Pastor Dickey erläuterte kürzlich in der Kirchenzeitung "Church Executive" seinen Grund für das Waffentragen auf der Kanzel. Seine "First Baptist Church" in Sunizona (Arizona) liege weit draußen auf dem Land. Die Polizei könne im Notfall gar nicht schnell genug da sein. Der Bürger habe die Pflicht, seine Mitmenschen zu verteidigen - und wenn nötig auch sein Leben zu riskieren.

Jesus forderte zum Kaufen von Schwertern auf

Für den texanischen Polizisten Meeks hat das Engagement für Waffen beim Gottesdienst auch eine persönliche Geschichte. Im August 1977 hätten er und seine Frau Julie in der "First Baptist"-Kirche in Daingerfield (Texas) geheiratet. Drei Jahre nach der Hochzeit sei ein offenbar Verwirrter beim Sonntagsgottesdienst in die Kirche eingedrungen und habe fünf Menschen niedergeschossen. Es sei kein Bewaffneter da gewesen, um den Mann zu stoppen.
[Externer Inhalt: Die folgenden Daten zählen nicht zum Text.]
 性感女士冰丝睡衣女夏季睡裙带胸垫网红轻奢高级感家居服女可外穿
200 bis 300 Millionen Schusswaffen sind in den USA in Privathänden. Nach Meinungsumfragen zeigen sich beim Thema Schusswaffenkontrolle deutliche Unterschiede zwischen den Kirchen. Wie das "Public Religion Research Institute" mitteilte, befürworten 62 Prozent der Katholiken, 42 Prozent der weißen "mainline"-Protestanten und 35 Prozent der weißen evangelikalen Christen mehr Schusswaffenkontrolle.
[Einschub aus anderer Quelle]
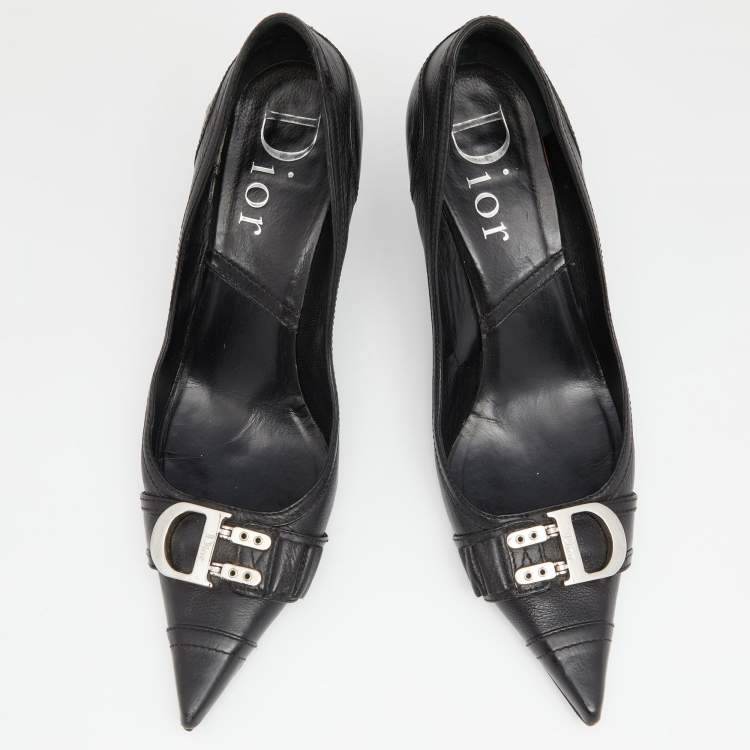 Pre Owned Dior Vintage Black Leather Logo Embellished Pointed Toe Pumps Size 41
Beide Seiten der Schusswaffendebatte beziehen sich auf die Bibel. Die einen verweisen auf die Bergpredigt, die anderen auf das Recht zur Selbstverteidigung und auf Bibelpassagen wie die im 22. Kapitel des Lukasevangeliums, in der Jesus seine Jünger auffordert, Schwerter zu kaufen.